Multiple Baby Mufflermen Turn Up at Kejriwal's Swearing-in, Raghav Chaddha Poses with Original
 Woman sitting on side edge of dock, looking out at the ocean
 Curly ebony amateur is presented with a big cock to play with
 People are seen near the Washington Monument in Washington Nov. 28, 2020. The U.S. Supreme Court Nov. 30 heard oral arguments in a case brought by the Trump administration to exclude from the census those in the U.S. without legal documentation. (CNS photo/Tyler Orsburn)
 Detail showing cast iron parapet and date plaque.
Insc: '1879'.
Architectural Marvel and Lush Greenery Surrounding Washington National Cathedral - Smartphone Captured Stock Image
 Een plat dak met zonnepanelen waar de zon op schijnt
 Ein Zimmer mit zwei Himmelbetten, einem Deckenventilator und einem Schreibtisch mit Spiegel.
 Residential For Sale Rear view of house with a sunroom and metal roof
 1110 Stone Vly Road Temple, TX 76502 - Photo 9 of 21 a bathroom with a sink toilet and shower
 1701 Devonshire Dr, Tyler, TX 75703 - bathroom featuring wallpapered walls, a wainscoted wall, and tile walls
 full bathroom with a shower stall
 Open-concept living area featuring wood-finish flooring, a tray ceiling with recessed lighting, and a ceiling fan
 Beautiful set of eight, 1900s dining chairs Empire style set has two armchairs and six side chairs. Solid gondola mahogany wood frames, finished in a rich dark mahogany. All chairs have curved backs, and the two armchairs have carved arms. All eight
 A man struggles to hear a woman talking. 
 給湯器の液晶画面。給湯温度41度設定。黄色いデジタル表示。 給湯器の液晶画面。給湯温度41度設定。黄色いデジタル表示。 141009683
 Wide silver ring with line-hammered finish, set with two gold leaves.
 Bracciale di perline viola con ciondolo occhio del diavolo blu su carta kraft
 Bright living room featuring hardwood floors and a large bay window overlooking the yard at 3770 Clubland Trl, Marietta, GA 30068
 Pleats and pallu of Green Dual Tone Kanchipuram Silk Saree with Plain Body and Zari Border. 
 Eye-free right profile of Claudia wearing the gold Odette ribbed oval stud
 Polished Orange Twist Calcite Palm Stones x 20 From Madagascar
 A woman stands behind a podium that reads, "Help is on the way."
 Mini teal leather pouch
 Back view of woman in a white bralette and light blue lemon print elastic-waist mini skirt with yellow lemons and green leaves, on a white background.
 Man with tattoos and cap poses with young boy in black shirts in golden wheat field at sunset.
◆ ◆ ◆
• [Exercise]:
Check each line above for the string "bathroom", then copy the ones that have it.

• [Task solution]:
 1110 Stone Vly Road Temple, TX 76502 - Photo 9 of 21 a bathroom with a sink toilet and shower
 1701 Devonshire Dr, Tyler, TX 75703 - bathroom featuring wallpapered walls, a wainscoted wall, and tile walls
 full bathroom with a shower stall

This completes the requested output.